Interest in CLA as an anticarcinogen stemmed from the original observation by Pariza and  colleagues that both raw and grilled ground beef contained a component that could inhibit mutagenesis. The inhibitor, which was later shown to possess anticarcinogenic properties, was purified and identified as four isomers of linoleic acid with conjugated diene unsaturations. Dietary studies with rat mammary tumor models have established CLA as a potent anticarcinogen. Supplementation of a basal diet with 0.5, 1.0 or 1.5% CLA resulted in a reduction of tumor incidence of 17, 42 and 50%, respectively. Dietary CLA inhibited local tumor growth by 73% and prevented metastatic spread to the lungs, peripheral blood and bone marrow. In cell culture studies, physiological concentrations of CLA inhibited the proliferation of human malignant melanoma colorectal and breast cancer cells. In contrast, linoleic acid had no inhibitory effects on the cell lines.

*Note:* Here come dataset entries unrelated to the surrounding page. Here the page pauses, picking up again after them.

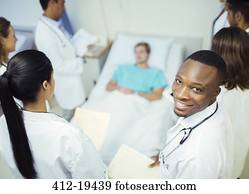 Doctor standing with residents in hospital room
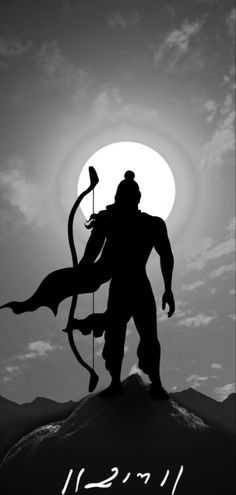 the silhouette of a man holding an arrow on top of a hill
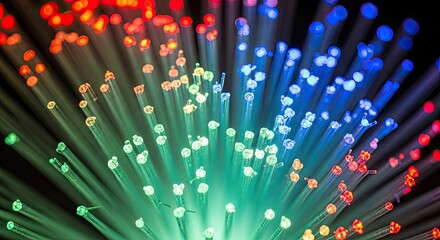 A colorful array of fiber optic cables with a black background.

Mechanisms by which CLA affects carcinogenesis are largely unresolved and may vary for different sites, age, duration of exposure and stage of carcinogenesis. Various studies suggest that CLA may act by antioxidant mechanisms, pro-oxidant cytotoxicity, inhibition of nucleotide synthesis, reduction of proliferative activity and inhibition of both DNA-adduct formation and carcinogen activation.

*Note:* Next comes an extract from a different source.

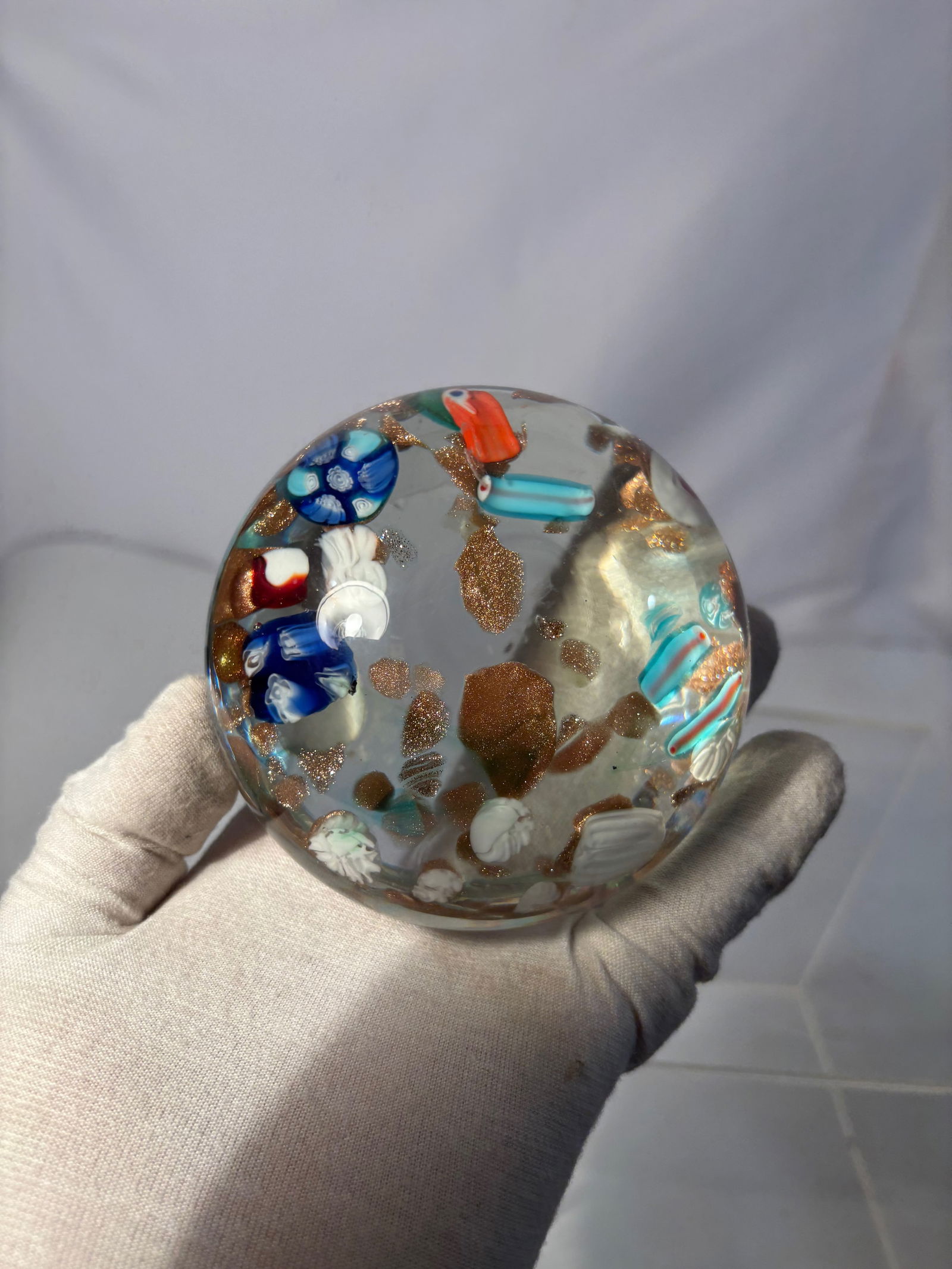 A Murano Art Glass Paperweight with Millefiori and Aventurine, Italy: Hand-blown Murano art glass paperweight, made in Italy, featuring embedded millefiori canes in blue, red, and white, accented with rich coppery aventurine inclusions throughout the clear glass body. T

CLA and Modulation of Immune Response

Considerable evidence indicates that aging is associated with a decline in the immune response in mammals and that intervention with antioxidant nutrients (e.g. Vitamin E, beta carotene and glutathione) can enhance the immune response in rodents and humans. Based on the well documented antioxidant properties of CLA, it is hypothesized that this LA isomer may have an impact on the immune response in aging mammalian species. Chicks fed CLA and injected with the endotoxin lipopolysaccharide (LPS)  continued to grow, whereas those not fed CLA either failed to grow or lost weight following LPS injection. In addition, dietary CLA enhanced the phytohemagglutinin response and alleviated the catabolic effect of immune stimulation in rats. Conjugated LA-supplemented young mice had significantly higher splenocyte interleukin-2 production than those fed the control diet. These findings suggest that CLA is effective in preventing the catabolic effect of immune stimulation, and possesses a potent immunostimulatory effect in mammalian species. The potential of preventing the catabolic losses without affecting the generation of adaptive immunity could provide benefit to growth and development.

To conclude, the potential health benefits arising from CLA consumption, there is a considerable research effort directed to increasing the CLA content of milk and meat products. Conjugated linoleic acid is an intermediate in the biohydrogenation of linoleic acid by rumen bacteria with potent anticarcinogenic, antiatherogenic and antidiebetogenic actions in rodents and humans. Experiments using several animal models indicate that dietary CLA is a potent nutrient partitioning agent that favors lean tissue deposition over body fat accumulation. Additionally, dietary CLA alleviates the catabolic response to immune stimulation, which could provide benefit to growth and development. While exact mechanisms by which CLA exerts its beneficial health and growth promoting effects are not fully elucidated, current experimental evidence indicates that dietary CLA is more than an anticancer factor and may provide a novel nutritional strategy for improving food, cow milk and carcass characteristics through dietary management that is readily applicable to producers.